1.10 Bankruptcy Code Waiver. The parties intend that Guarantor
shall not be deemed to be a "creditor" (as defined in Section 101 of the
Bankruptcy Code) of Lessee by reason of the existence of this Guaranty, in the
event that Lessee becomes a debtor in any proceeding under the Bankruptcy Code,
and in connection herewith, Guarantor waives any such right as a "creditor"
under the Bankruptcy Code. After Lessee's obligations under the Lease are
discharged in full and there shall be no obligations or liabilities under this
Guaranty outstanding, this waiver shall be deemed to be terminated.

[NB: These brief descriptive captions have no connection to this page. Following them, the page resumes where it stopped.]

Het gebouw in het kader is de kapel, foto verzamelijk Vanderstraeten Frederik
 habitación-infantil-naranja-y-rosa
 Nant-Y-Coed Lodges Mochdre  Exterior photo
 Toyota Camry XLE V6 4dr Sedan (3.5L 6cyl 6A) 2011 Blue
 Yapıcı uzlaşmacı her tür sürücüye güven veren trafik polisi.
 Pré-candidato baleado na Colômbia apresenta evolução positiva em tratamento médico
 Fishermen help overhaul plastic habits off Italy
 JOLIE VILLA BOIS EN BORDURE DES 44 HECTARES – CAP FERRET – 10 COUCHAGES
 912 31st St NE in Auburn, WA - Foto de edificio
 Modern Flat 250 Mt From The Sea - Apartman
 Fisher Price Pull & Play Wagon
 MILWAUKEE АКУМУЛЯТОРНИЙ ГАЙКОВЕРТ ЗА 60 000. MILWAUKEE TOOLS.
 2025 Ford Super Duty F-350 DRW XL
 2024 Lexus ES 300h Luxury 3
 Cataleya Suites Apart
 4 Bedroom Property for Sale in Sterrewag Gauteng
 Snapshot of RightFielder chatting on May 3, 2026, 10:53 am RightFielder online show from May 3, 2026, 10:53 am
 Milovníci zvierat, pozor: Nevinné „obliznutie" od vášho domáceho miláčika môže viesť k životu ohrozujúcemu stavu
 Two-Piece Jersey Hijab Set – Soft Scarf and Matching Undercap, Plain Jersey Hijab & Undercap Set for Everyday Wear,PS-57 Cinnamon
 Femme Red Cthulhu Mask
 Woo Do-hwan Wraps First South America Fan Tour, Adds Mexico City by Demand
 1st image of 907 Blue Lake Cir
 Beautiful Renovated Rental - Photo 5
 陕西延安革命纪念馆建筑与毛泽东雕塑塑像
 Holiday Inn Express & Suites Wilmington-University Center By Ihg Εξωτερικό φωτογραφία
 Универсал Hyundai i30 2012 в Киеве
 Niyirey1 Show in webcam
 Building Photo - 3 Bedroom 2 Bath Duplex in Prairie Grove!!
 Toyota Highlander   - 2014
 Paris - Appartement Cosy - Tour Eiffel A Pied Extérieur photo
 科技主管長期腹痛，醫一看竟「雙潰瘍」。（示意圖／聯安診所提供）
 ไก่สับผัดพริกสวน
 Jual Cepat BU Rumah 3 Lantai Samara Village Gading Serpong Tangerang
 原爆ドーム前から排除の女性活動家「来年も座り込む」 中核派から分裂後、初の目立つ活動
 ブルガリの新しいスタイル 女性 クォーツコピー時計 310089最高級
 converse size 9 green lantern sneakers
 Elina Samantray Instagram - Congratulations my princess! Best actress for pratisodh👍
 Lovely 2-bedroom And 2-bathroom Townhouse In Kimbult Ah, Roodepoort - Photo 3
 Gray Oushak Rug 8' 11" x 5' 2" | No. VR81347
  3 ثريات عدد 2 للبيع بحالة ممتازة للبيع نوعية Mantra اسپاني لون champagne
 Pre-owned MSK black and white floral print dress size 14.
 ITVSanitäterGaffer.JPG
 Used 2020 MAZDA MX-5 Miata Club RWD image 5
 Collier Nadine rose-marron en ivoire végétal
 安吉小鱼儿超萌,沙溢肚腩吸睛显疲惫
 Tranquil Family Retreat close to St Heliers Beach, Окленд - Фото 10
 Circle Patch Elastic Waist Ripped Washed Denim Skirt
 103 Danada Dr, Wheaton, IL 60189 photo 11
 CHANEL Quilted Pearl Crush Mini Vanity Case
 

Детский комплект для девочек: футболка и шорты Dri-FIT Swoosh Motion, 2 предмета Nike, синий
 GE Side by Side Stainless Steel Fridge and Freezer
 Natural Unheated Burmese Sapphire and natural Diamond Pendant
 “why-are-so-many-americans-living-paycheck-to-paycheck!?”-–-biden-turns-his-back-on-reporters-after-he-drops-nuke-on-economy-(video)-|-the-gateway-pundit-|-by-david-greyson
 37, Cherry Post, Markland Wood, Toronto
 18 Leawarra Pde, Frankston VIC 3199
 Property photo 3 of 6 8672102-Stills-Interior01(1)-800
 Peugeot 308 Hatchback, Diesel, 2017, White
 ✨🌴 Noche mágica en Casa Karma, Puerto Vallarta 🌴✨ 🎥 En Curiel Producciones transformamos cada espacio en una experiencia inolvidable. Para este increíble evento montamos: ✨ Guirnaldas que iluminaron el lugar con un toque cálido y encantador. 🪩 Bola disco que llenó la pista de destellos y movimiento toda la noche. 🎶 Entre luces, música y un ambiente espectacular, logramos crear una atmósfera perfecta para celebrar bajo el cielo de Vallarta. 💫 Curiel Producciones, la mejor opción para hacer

1.11 Lessee. The term "Lessee" as used herein shall include any new
or successor corporation, association, partnership (general or limited), joint
venture, trust or other individual or organization formed as a result of any
merger, reorganization, sale, transfer, devise, gift or bequest of Lessee or any
interest in Lessee.
ARTICLE II
EVENTS AND CIRCUMSTANCES NOT REDUCING
OR DISCHARGING GUARANTOR'S OBLIGATIONS
Guarantor's obligations under this Guaranty shall not be released,
diminished, impaired, reduced or adversely affected by any of the following, and
Guarantor waives any common law, equitable, statutory or other rights (including
without limitation rights to notice) which Guarantor might otherwise have as a
result any of the following:
(a) Modifications. Any renewal, extension, or modification
of all or any part of the Guaranteed Obligations or the Lease; provided
Guarantor is notified of same.
(b) Adjustment. Any adjustment, indulgence, forbearance or
compromise that might be granted or given by Lessor to Lessee or any
Guarantor.
(c) Condition of Lessee or Guarantor. The insolvency,
bankruptcy, arrangement, adjustment, composition, liquidation,
disability, dissolution or lack of power of Lessee, Guarantor or any
other party at any time liable for the payment of all or part of the
Guaranteed Obligations; or any dissolution of Lessee or Guarantor, or
any sale, lease or transfer of any or all of the assets of Lessee or
Guarantor, or any changes in the shareholders, partners or members of
Lessee or Guarantor; or any reorganization of Lessee or Guarantor.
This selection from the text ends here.